I am a highly experienced Data Scientist and Senior Statistician with over eight years of hands-on experience in statistical analysis, forecasting, and advanced data science across diverse sectors, including biomedical research, healthcare, insurance, transportation, and clinical studies. My academic foundation is robust, comprising a Ph.D. in Statistics, a Master’s degree in Statistics, and a Master’s degree in Mathematics, complemented by multiple professional certifications in AI, machine learning, and clinical research.
Throughout my career, I have specialized in designing and implementing machine learning and AI solutions that translate complex datasets into actionable insights. I excel at bridging diverse analytical approaches, ranging from classical statistics and Bayesian methods to deep learning and reinforcement learning, to provide clients with precise, data-driven decision support.
I possess extensive experience in developing predictive and optimization models, including:
Machine Learning & AI: Deep learning, reinforcement learning, and predictive modeling.

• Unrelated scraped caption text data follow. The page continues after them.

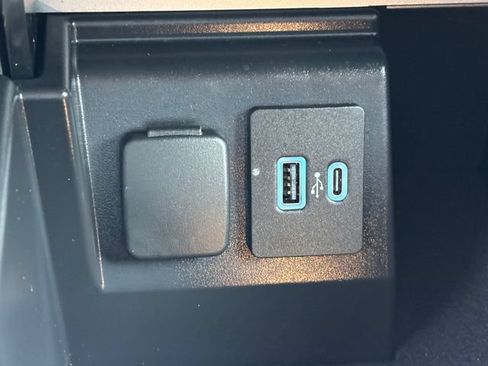 Used 2023 Ford Explorer XLT w/ Equipment Group 202A AWD/4WD image 17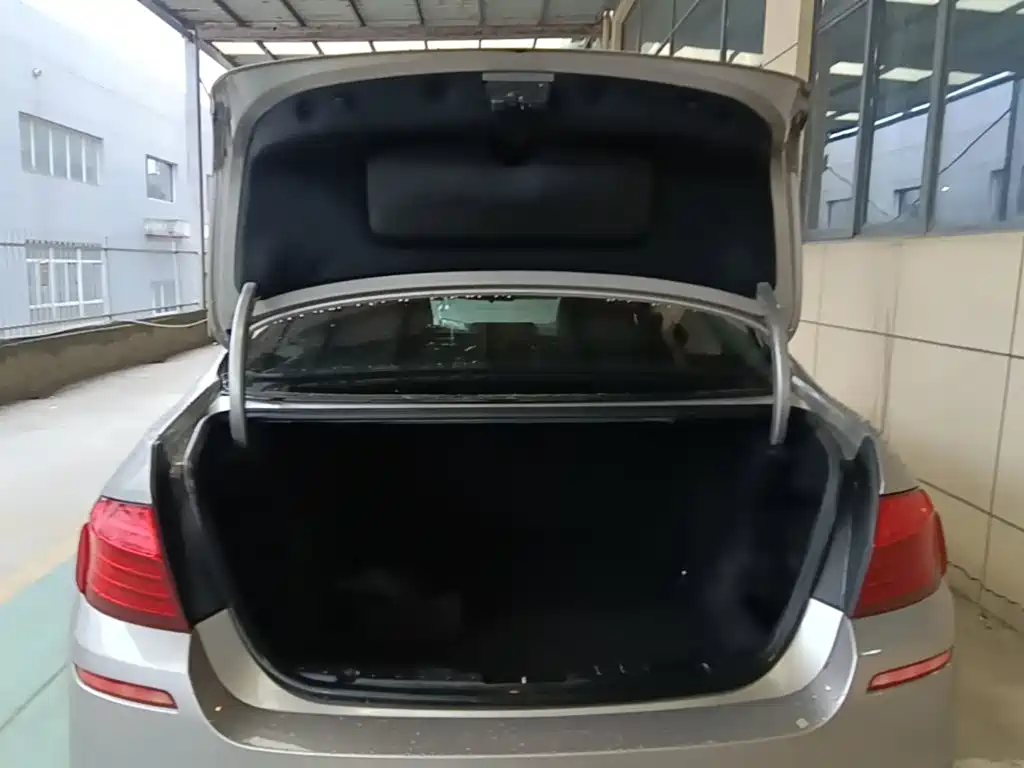 BMW 5 Series — миниатюра 19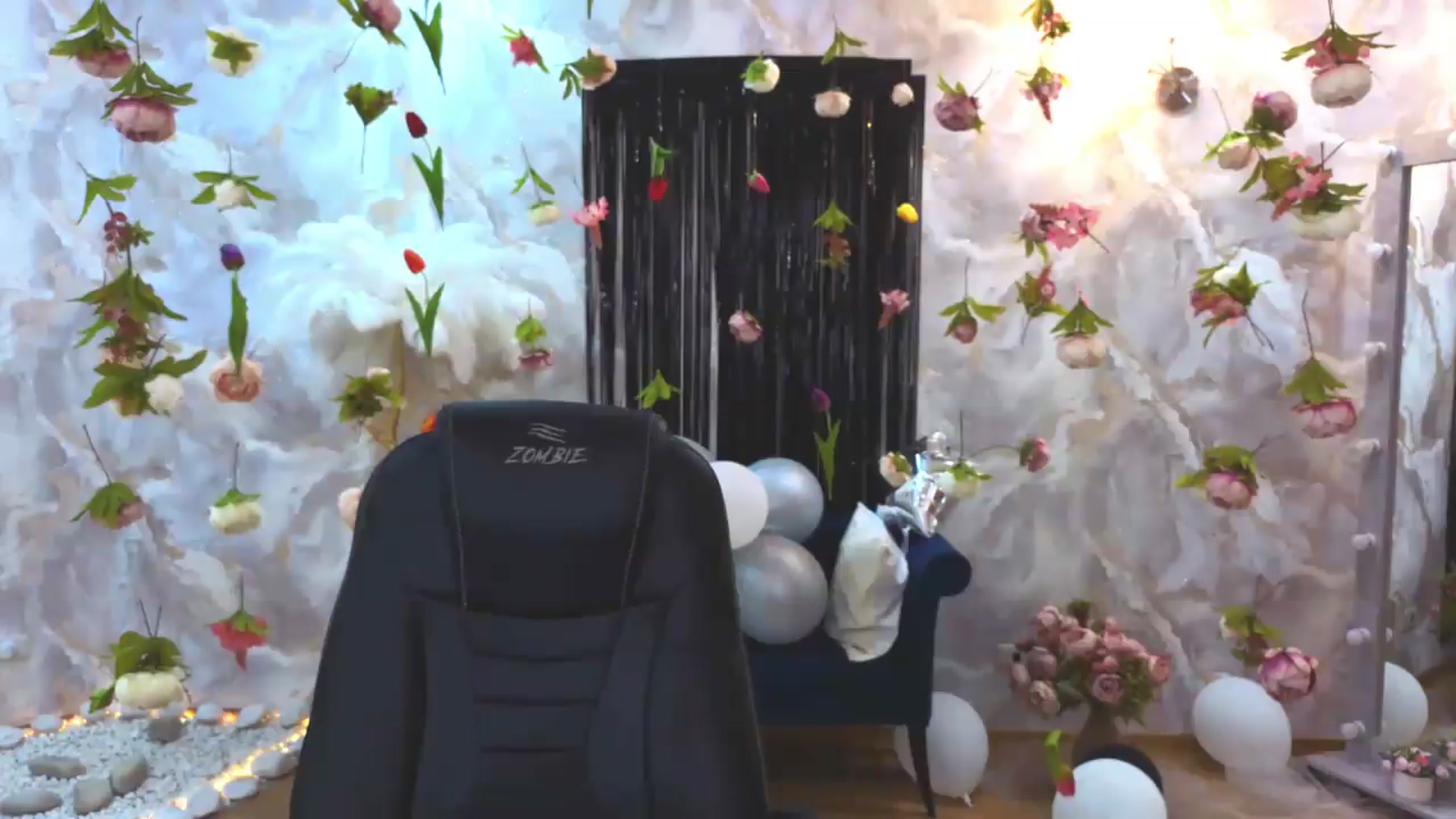 Gallery image thumbnail from EnigmaVeil's myfreecams stream on, 08/09/2026, 22:13 image 7 of 20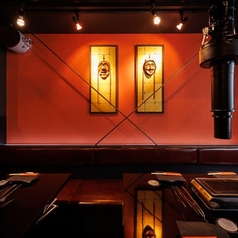 賑やかな集まりにぴったりの空間です。心地よい雰囲気とくつろぎを兼ね備え、おしゃべりと美味しい食事を存分に楽しんでいただけます。当店自慢の特製たれや、彩り鮮やかな付け合わせもご用意しております。極上の焼肉と共に、楽しい時間と笑顔が広がること間違いなし♪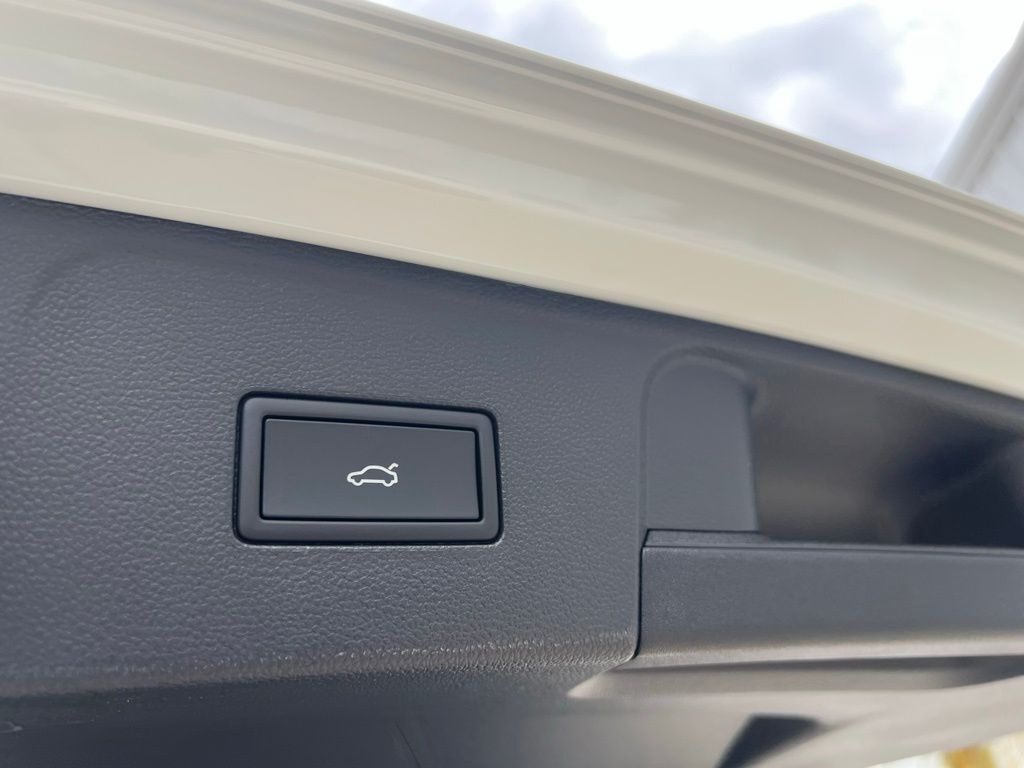 2026 Volkswagen Atlas 2.0T SE w/Technology Tampa FL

Big Data & Cloud Platforms: Expertise in handling large-scale data using Spark and Hadoop, as well as Microsoft Azure services such as Azure Databricks, Azure Data Factory, Azure Synapse Analytics, Azure SQL Database, Azure Apache Spark Pools, and Azure ML Studio.
Programming & Data Tools: Python, R, SAS, SQL, and related analytical frameworks.
Natural Language Processing (NLP): Analyzing and deriving insights from textual and unstructured data.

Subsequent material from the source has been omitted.